Data to process:
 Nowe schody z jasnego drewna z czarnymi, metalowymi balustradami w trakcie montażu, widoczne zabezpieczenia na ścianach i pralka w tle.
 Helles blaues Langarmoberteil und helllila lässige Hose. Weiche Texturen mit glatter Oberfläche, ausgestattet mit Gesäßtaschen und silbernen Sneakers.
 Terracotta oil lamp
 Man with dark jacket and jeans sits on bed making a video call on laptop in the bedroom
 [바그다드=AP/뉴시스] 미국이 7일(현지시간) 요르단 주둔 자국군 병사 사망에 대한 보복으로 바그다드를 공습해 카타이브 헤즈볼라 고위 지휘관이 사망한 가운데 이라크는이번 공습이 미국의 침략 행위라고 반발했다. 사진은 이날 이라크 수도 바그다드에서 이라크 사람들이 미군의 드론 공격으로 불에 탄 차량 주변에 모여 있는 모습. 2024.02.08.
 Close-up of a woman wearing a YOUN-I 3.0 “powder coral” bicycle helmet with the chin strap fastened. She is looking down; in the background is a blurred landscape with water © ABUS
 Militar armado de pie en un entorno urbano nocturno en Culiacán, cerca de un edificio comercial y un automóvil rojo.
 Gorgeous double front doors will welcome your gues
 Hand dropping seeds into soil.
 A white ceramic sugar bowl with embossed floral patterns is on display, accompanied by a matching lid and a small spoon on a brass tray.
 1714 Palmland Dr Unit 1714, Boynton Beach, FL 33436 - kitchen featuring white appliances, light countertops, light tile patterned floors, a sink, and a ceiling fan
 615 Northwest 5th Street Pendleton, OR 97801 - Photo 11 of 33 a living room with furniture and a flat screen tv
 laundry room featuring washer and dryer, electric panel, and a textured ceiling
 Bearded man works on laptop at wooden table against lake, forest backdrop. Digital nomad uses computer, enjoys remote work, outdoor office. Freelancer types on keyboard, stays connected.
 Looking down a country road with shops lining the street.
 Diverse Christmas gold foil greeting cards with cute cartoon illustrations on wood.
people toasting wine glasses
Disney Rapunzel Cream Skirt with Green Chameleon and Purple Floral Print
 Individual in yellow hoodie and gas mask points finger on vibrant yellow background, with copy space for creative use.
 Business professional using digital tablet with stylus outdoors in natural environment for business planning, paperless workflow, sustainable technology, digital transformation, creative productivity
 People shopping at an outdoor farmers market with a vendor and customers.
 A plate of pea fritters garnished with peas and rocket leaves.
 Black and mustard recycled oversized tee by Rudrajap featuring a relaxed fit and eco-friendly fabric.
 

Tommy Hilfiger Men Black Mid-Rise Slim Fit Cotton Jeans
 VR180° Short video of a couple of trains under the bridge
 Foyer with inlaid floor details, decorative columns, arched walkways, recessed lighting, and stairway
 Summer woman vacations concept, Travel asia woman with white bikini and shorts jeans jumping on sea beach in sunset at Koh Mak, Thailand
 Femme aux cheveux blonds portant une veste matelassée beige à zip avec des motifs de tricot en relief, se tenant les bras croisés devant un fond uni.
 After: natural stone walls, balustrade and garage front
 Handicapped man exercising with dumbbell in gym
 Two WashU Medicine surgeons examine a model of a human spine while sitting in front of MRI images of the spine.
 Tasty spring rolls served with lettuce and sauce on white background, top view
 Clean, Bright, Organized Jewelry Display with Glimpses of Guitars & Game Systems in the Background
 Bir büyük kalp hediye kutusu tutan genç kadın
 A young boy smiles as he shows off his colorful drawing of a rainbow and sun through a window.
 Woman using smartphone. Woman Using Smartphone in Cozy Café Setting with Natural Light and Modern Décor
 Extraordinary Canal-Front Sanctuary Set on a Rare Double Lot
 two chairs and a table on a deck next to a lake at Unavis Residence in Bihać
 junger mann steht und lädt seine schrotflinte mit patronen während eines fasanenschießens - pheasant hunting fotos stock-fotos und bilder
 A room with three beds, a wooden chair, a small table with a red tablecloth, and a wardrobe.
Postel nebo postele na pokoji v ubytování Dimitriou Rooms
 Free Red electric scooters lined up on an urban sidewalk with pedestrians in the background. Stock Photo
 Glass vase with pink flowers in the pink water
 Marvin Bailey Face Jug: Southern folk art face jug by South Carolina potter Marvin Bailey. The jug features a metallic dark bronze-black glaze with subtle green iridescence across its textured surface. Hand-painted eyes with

Aim of the task: All of the material above should be printed again exactly as it is.

Answer section:
 Nowe schody z jasnego drewna z czarnymi, metalowymi balustradami w trakcie montażu, widoczne zabezpieczenia na ścianach i pralka w tle.
 Helles blaues Langarmoberteil und helllila lässige Hose. Weiche Texturen mit glatter Oberfläche, ausgestattet mit Gesäßtaschen und silbernen Sneakers.
 Terracotta oil lamp
 Man with dark jacket and jeans sits on bed making a video call on laptop in the bedroom
 [바그다드=AP/뉴시스] 미국이 7일(현지시간) 요르단 주둔 자국군 병사 사망에 대한 보복으로 바그다드를 공습해 카타이브 헤즈볼라 고위 지휘관이 사망한 가운데 이라크는이번 공습이 미국의 침략 행위라고 반발했다. 사진은 이날 이라크 수도 바그다드에서 이라크 사람들이 미군의 드론 공격으로 불에 탄 차량 주변에 모여 있는 모습. 2024.02.08.
 Close-up of a woman wearing a YOUN-I 3.0 “powder coral” bicycle helmet with the chin strap fastened. She is looking down; in the background is a blurred landscape with water © ABUS
 Militar armado de pie en un entorno urbano nocturno en Culiacán, cerca de un edificio comercial y un automóvil rojo.
 Gorgeous double front doors will welcome your gues
 Hand dropping seeds into soil.
 A white ceramic sugar bowl with embossed floral patterns is on display, accompanied by a matching lid and a small spoon on a brass tray.
 1714 Palmland Dr Unit 1714, Boynton Beach, FL 33436 - kitchen featuring white appliances, light countertops, light tile patterned floors, a sink, and a ceiling fan
 615 Northwest 5th Street Pendleton, OR 97801 - Photo 11 of 33 a living room with furniture and a flat screen tv
 laundry room featuring washer and dryer, electric panel, and a textured ceiling
 Bearded man works on laptop at wooden table against lake, forest backdrop. Digital nomad uses computer, enjoys remote work, outdoor office. Freelancer types on keyboard, stays connected.
 Looking down a country road with shops lining the street.
 Diverse Christmas gold foil greeting cards with cute cartoon illustrations on wood.
people toasting wine glasses
Disney Rapunzel Cream Skirt with Green Chameleon and Purple Floral Print
 Individual in yellow hoodie and gas mask points finger on vibrant yellow background, with copy space for creative use.
 Business professional using digital tablet with stylus outdoors in natural environment for business planning, paperless workflow, sustainable technology, digital transformation, creative productivity
 People shopping at an outdoor farmers market with a vendor and customers.
 A plate of pea fritters garnished with peas and rocket leaves.
 Black and mustard recycled oversized tee by Rudrajap featuring a relaxed fit and eco-friendly fabric.
 

Tommy Hilfiger Men Black Mid-Rise Slim Fit Cotton Jeans
 VR180° Short video of a couple of trains under the bridge
 Foyer with inlaid floor details, decorative columns, arched walkways, recessed lighting, and stairway
 Summer woman vacations concept, Travel asia woman with white bikini and shorts jeans jumping on sea beach in sunset at Koh Mak, Thailand
 Femme aux cheveux blonds portant une veste matelassée beige à zip avec des motifs de tricot en relief, se tenant les bras croisés devant un fond uni.
 After: natural stone walls, balustrade and garage front
 Handicapped man exercising with dumbbell in gym
 Two WashU Medicine surgeons examine a model of a human spine while sitting in front of MRI images of the spine.
 Tasty spring rolls served with lettuce and sauce on white background, top view
 Clean, Bright, Organized Jewelry Display with Glimpses of Guitars & Game Systems in the Background
 Bir büyük kalp hediye kutusu tutan genç kadın
 A young boy smiles as he shows off his colorful drawing of a rainbow and sun through a window.
 Woman using smartphone. Woman Using Smartphone in Cozy Café Setting with Natural Light and Modern Décor
 Extraordinary Canal-Front Sanctuary Set on a Rare Double Lot
 two chairs and a table on a deck next to a lake at Unavis Residence in Bihać
 junger mann steht und lädt seine schrotflinte mit patronen während eines fasanenschießens - pheasant hunting fotos stock-fotos und bilder
 A room with three beds, a wooden chair, a small table with a red tablecloth, and a wardrobe.
Postel nebo postele na pokoji v ubytování Dimitriou Rooms
 Free Red electric scooters lined up on an urban sidewalk with pedestrians in the background. Stock Photo
 Glass vase with pink flowers in the pink water
 Marvin Bailey Face Jug: Southern folk art face jug by South Carolina potter Marvin Bailey. The jug features a metallic dark bronze-black glaze with subtle green iridescence across its textured surface. Hand-painted eyes with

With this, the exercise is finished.